Yet again, I am sitting at work with nothing to do, knowing deep inside that this is the calm before the storm. With this job, I work, work, work my fingers to the bone and then wait to be worked to the bone again. I would enjoy the down time if I had a say in how I spent it, but instead I just sit bored at work looking dreamily out the window, surfing vacation sites on the web and thinking of all I would do if I had the day to myself. Today, I have decided to write my blog and unload some things I have been pondering the past couple of days.
As we drove into work yesterday, my roommate/co-worker asked," Do you ever feel like we do the same thing everyday?" In the melancholic silence that followed, I imagined myself running on a big metal wheel in a cage of sawdust, pooping near my food bowl. Then I contemplated jumping from the moving vehicle. Shortly after, we passed three kids at their bus stop--the same three kids we see everyday standing at their bus stop. I waved. They looked at me funny. So much for shaking up the routine.
In January, I moved in with a guy--just a guy, not a lover or boyfriend or anything. Since that move, I have contemplated what I like so much about living with guys--not lovers or boyfriends. Over time, the advantages of a male roommate have become clear.
Firstly, the apartment is clean-ish, but there is no pressure to keep the place spotless. While we both clean up our dishes and wipe up our messes, it is acceptable to leave a cup on the counter overnight or drape a coat over a chair for a while. Well, let me just say that I leave my cup on the counter and drape a coat of a chair overnight--my roommate is actually quite neat. He calls the momentary lapses in cleanliness my "grace period."

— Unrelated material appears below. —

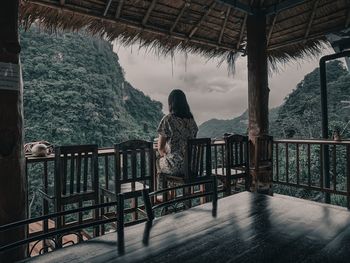 Rear view of woman standing on railing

Secondly, I feel absolutely no pressure to look nice in my apartment. Of course I use some discretion in my home fashion choices, but overall, lounging in sweatpants, a t-shirt and no make-up is not a big deal. Why? Because he is not competing with me--he does not need to out-dress me or be prettier than me or criticize me to make him feel better. He just doesn't care! And, if I do ever have a boy over, he won't try to seduce him! A nice perk!
Thirdly, I can watch sports whenever I want. I will never catch flack for shutting myself in my room and watching basketball all afternoon. That said, I actually never catch flack for shutting myself in my room period. Certainly, my roommate and I enjoy each other's company, frequently occupying our side by side "his and her man chairs," cheering for Donald Trump firing his latest victim or whincing for the next American fallen Idol--but there is also an understanding that needing time alone is okay too. No one's feelings are injured or ego bruised when I choose to curl up with a book in my bed over watching a movie with him. Oh, the joys of drama-less living!
Lastly, my culinary ego is stroked on a nightly basis. My roommate is adept at making pasta, sandwiches and sausages--that is about it! Of course I encourage him to branch out and try following a recipe, but he chooses to stick to familiar territory. I, on the other hand, am frequently experimenting with my own combinations or a new recipe creating anything from curry to brown bread to chicken parmesan. All of my creations, whether sweet or savory, are hailed with praises such as: "God, that smells so good!" Or, "That looks delicious. May I please have bite! Oh man, that is good!" Whether he compliments to earn a free meal or he genuinely likes my comestible creations, this nightly ego stroking does a body good.
After discussing these pros with my roommate, he has asked me to write about the cons of living with a male roommate. In the interest of preserving my happy home, and respecting the privacy of all those involved--I plead the fifth.